I was reading the textbook when my classmate, a girl a decade younger than me, proudly announced: “I never read a textbook page by page. I use it when I need a quote of theory for assignment.”
Okay. That’s how you use the textbook. I don’t think I have misinterpreted the emotion in that announcement but I can’t figure out why it is a thing should be proud of. I blame the generation gap.
Again, I think if a lecture is the potion of an iceberg shown above the sea, then the book is the massive potion that hidden below. Reading the textbook really helps fill in the knowledge gap the lecturer fail the bridge in the short lesson. I hope she would find the way to the hidden gem soon.
The above story may or may not related to the book I am going to share. I believe there is certain connection between the two. The review below is heavily biased. Read at your risk.
Poke the Box, the second book I read written by Seth Godin. I really like the question on the cover: when was the last time you did something for the first time.
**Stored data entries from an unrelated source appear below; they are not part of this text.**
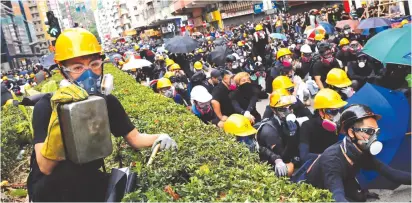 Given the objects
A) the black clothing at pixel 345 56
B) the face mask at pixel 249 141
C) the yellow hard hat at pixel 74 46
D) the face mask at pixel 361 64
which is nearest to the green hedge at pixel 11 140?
the face mask at pixel 249 141

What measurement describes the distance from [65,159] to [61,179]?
22 cm

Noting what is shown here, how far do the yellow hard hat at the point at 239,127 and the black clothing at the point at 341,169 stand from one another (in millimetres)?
1376

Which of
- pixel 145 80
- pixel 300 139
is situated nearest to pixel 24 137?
pixel 300 139

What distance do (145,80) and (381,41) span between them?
A: 10.9m

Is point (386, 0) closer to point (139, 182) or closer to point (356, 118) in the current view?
point (356, 118)

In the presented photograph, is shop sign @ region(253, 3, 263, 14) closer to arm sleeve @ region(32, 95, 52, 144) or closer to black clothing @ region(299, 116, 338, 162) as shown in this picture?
black clothing @ region(299, 116, 338, 162)

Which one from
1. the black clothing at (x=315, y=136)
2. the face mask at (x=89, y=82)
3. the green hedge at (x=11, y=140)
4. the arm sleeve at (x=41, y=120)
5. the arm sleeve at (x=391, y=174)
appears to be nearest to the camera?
the arm sleeve at (x=41, y=120)

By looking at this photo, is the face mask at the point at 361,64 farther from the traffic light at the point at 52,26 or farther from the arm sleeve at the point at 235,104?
the traffic light at the point at 52,26

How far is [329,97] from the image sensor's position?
18.8ft

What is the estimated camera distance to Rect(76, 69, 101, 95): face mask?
284 centimetres

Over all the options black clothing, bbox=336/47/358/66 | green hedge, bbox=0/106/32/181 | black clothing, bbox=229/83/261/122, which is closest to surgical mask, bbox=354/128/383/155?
black clothing, bbox=229/83/261/122

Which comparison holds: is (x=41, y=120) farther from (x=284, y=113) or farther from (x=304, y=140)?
(x=284, y=113)

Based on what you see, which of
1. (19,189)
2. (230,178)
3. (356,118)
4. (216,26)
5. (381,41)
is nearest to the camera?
(230,178)

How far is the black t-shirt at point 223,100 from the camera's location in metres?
7.99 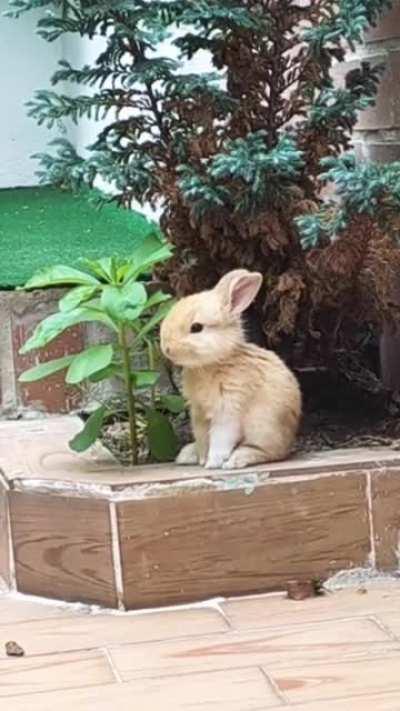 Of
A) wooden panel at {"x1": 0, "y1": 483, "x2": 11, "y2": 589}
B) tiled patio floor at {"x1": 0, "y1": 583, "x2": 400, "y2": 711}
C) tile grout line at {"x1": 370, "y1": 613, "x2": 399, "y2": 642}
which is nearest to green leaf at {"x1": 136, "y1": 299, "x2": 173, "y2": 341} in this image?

That’s what I ask myself nearly every day: I should do something new and different today and what will that be?
It’s a small book, even smaller than Purple Cow. I believe one can finish it within a few hours. It is composed by many small passages around the main theme: Be an initiator, poke the box and take risk. I didn’t finish it. I abandoned it half-way with no regrets. There is a possibility that if I persist to read it through, then I may not make the (inappropriate?) comment below, but I decided not to continue.
I really like the ideas of being an initiator and poking the box. I had been benefited of being an initiator and rewarded with extra opportunities. I also believe if everyone could aim to do their job better instead of just get their done, the world could be saved! What I don’t agree is that the reason of not poking the box is simply risk failure. Poke the box could lead to consequences that worse than failure, like, harmony. It may be a cultural thing. Chinese generally believe in maintaining harmony, especially in workplace. when you are poking the box, you accidentally poke other business which break the harmony. I once found that the order follow-up could be done better, but it was customer services job and not mine (marketing). Should I initiate a review of procedure? I don’t think so. What I could do, and have done, is to speak with the customer service manager about it and see if she could do somethings. If the advice not taken, I have no right to do anything.
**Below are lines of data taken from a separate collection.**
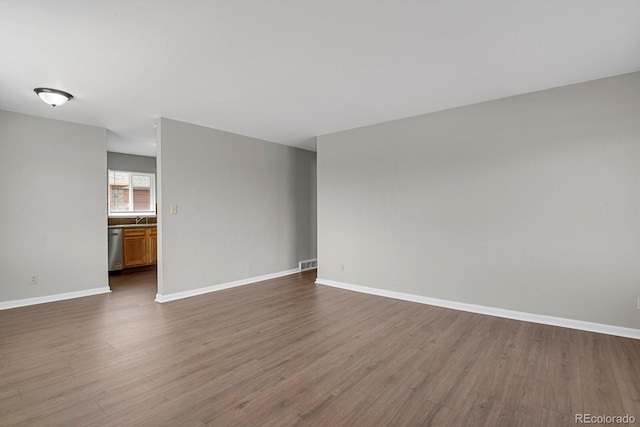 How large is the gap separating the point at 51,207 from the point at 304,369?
439 centimetres

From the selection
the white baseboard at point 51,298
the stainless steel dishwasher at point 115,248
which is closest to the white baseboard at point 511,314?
the white baseboard at point 51,298

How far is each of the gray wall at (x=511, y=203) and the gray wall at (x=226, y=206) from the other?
1639 mm

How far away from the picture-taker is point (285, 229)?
20.6 feet

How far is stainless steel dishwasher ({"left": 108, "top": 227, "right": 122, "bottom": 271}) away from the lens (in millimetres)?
6281

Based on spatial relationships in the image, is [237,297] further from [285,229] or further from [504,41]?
[504,41]

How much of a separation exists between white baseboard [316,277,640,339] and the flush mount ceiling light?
4449 millimetres

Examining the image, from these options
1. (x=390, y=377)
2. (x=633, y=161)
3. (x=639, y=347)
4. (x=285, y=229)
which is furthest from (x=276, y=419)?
(x=285, y=229)

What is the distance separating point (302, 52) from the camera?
8.62 ft

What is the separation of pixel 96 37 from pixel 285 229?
4364 mm

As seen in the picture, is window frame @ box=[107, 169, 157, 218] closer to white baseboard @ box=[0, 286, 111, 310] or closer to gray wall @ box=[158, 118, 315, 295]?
white baseboard @ box=[0, 286, 111, 310]

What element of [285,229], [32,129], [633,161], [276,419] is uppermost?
[32,129]

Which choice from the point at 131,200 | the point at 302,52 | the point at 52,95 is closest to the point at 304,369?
the point at 302,52

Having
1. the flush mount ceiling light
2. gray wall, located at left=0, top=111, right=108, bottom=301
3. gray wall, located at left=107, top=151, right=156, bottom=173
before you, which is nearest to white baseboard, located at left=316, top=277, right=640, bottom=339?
gray wall, located at left=0, top=111, right=108, bottom=301

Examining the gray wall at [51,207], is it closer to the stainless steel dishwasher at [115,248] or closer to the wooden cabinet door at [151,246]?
the stainless steel dishwasher at [115,248] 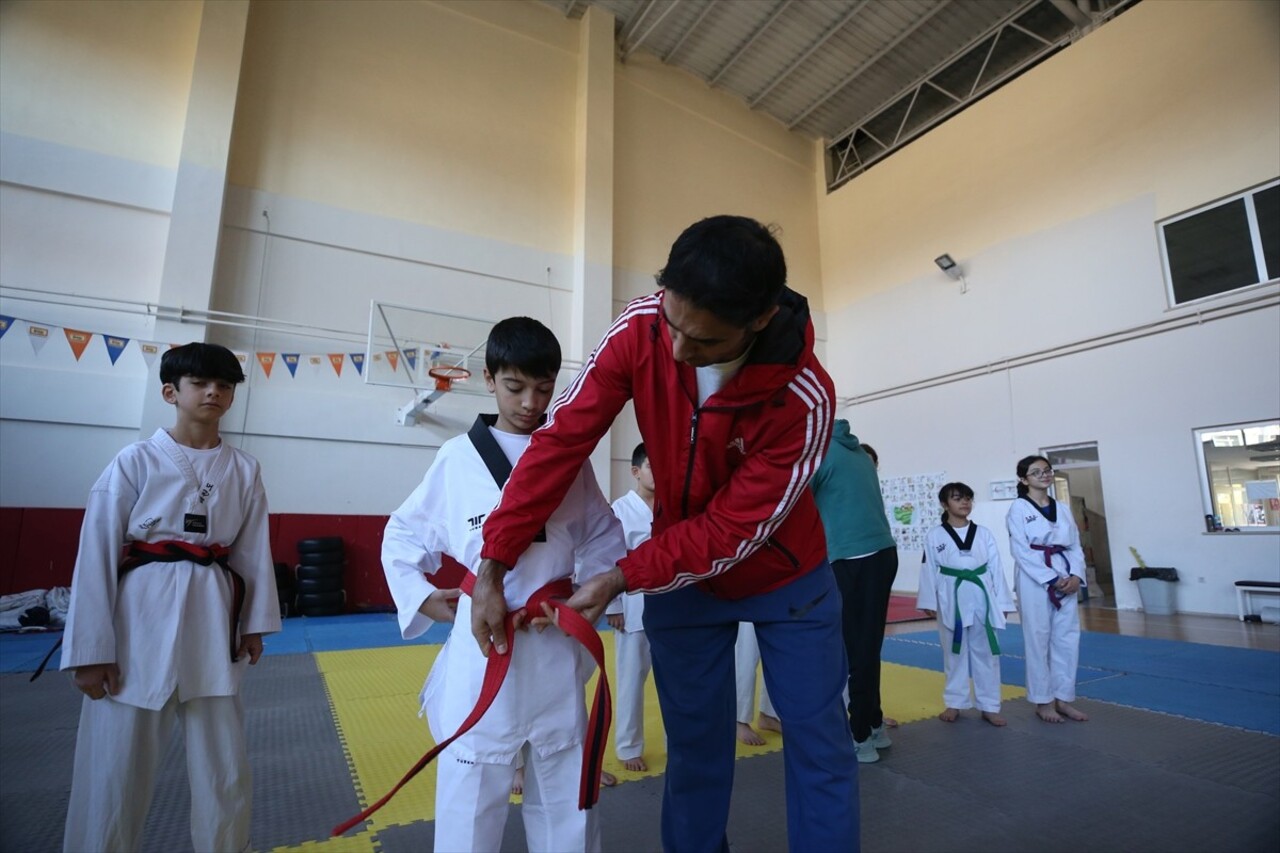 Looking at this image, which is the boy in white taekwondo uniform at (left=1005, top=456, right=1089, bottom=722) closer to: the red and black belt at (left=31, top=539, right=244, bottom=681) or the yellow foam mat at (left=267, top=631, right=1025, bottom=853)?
the yellow foam mat at (left=267, top=631, right=1025, bottom=853)

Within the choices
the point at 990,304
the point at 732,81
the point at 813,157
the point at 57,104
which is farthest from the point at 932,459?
the point at 57,104

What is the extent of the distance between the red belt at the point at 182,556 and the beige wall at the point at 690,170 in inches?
354

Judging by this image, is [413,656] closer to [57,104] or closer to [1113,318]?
[57,104]

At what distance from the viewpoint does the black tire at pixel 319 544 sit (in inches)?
291

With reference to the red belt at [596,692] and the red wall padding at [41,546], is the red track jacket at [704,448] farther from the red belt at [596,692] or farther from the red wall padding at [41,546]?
the red wall padding at [41,546]

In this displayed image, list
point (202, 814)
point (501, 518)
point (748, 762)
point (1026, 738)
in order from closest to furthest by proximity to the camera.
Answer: point (501, 518)
point (202, 814)
point (748, 762)
point (1026, 738)

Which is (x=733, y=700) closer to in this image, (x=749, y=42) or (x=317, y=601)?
(x=317, y=601)

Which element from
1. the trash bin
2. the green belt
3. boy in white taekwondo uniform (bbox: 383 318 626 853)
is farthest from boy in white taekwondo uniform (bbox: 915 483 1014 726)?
the trash bin

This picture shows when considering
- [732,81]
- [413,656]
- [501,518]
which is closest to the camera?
[501,518]

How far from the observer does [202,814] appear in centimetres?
159

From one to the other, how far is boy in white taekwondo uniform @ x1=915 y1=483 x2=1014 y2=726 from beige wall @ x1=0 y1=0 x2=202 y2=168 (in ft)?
29.3

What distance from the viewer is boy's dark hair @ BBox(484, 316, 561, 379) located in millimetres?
1414

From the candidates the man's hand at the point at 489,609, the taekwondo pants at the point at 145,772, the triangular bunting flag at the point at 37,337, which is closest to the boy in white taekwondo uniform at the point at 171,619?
the taekwondo pants at the point at 145,772

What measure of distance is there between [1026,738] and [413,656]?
4.14 meters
Poke the box is good, but tread carefully. The last thing you want is invade others’ responsibility and risk breaking the harmony.
Moreover, I found that when one is promoted to management, one could possibly forget the limitations of being at the bottom of a food chain. Once, I told my manager of possible pitfalls if we stick to the old protocol and she told me I should just go tell the colleague (in the same grade as me) what to do if I saw any problem. Hello! I am not a manager who have the rights and responsibility to initiate such things. Why I am telling you? I think you are the one who are responsible to tell the colleague. Not everybody could be an initiator, at least not as the book promoted.
At the end, I would like to emphasize that I am a believer to try something new and different and think outside the box. That’s why the blog. However, there are other considerations. There are always two sides of a coin.